Guest Blogs

Uproot Anxiety: Why Do Things Have to Change?

The ADHD in me isn’t ready to move — and certainly doesn’t want to find a new therapist!

I’ve spent some time with my therapist lately working on my (probably) ADHD symptom: aversion to change. We’ve talked about ways to handle the sense of being suddenly overwhelmed by a world that won’t stay still long enough for me to see what’s going on.

We’ve also talked through dealing with the rage I experience toward people and things that present problems and disappear while I am slow, slowly working through the bazillion facets of the issue at hand — the solution to which usually no longer applies by the time I come up with it.

We talk about acceptance. If you accept the constantly changing nature of life, you are less likely to want to try to freeze events as they happen in order to understand them and always be a step behind. Or to overcompensate by jumping ahead to possible outcomes and worry about those even if they never happen.

Basically, my therapist’s suggestion is to try to just be here now and stay aware and flexible enough to not get rattled and pulled off course. Later, you can examine changing events at your leisure, and get a better understanding of what made you anxious about them and what you can do to adjust.

That makes sense in theory, but in the moment when the rhythm of life starts to beat faster and shift around you, how the heck can you possibly “be here now?” Before you know it, the here and the now start flying around all over the place connecting to all sorts of emotions, facts, and thoughts from the past, present and future, all demanding equal time. So a lot of times, I just have to pretend I’ve got it handled.

It seems to me that the popular notion that ADHD folks are scattered, confused, and can’t pay attention, is completely backward. It’s the world that’s confused and scattered and our problem is that we do pay attention to what is really going on around all of us. Everybody else keeps their head down, eye on the track, chugging along the straight line, ignoring any other part of life that doesn’t apply to the goal. Sure, you adjust to change that way, because the track makes it simple. Keep your head down and keep moving. Sounds a little judgmental, I know. And for the most part,I try to just be here and now, too, but lately it’s been a real pain.

[“ADHD Makes Adapting to Change Difficult, But Not Impossible”]

There’s big change looming for our family.

In May we’re packing up all four of us and our great big dog and leaving Hawaii. After 10 years of living in paradise we’re moving to Georgia. My mother-in-law is moving in with us, which is great — everybody gets along fine. But there’s a brand-new house, a completely new life and I sometimes honestly can’t remember why or when we decided to do this.

That’s not the problem either, because it’s something my wife Margaret wants, and that’s good enough for me. Her sisters, my parents, and my brother and his family will be much closer as well. I’ll miss my friends here, but I’ve moved lots of times. It always works out. There’s no reason to be freaking out.

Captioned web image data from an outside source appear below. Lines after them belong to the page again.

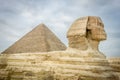 The Sphinx and Pyramid of Khufu Royalty Free Stock Photo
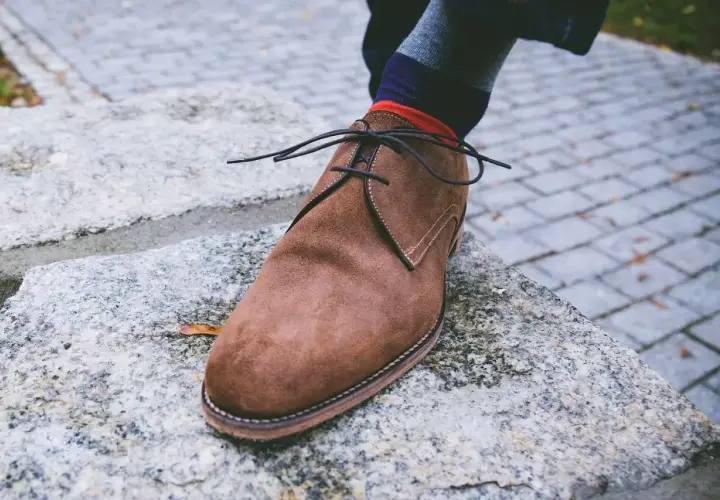 Zapato de gamuza marrón con cordones negros, calcetín a rayas y un consejo sobre como quitar manchas de humedad en zapatos de piel.
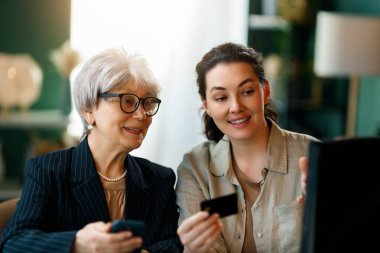 Genç ve yaşlı kadınlar online alışveriş için bilgisayar kullanıyorlar. Kızı evde annesine yardım ediyor..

Even though I know all of the benefits, and even though I tell my wife I’m getting things organized — I’ve hung a big calendar on the wall and marked the date (quietly and in private, so as to not freak anyone else out) — I am freaking, hyperventilating, the whole bit.

So, being a mature and together man who’s working through his difficulties with his therapist, I take one of his suggestions and lay down on my bed in the middle of the day to take a break, get my breathing under control and look calmly at what’s making me react like this. And it’s working; I think this therapist might turn out to be a great one for me. I’ve had my doubts, it’s taken us nearly a year to get over some trust things, but he’s a good guy…

Wait — we’re moving. That means I’ll have to get a new therapist. There’s no way I can go through that again. This is a disaster. I’m not ready for this and it’s all because of that “be here now” garbage he stuffed in my head. If I ever get out of bed and make it to my appointment tomorrow, we’ll see what my therapist says about this. Because, honestly, I’m getting real tired of pretending I’ve got any of this under control.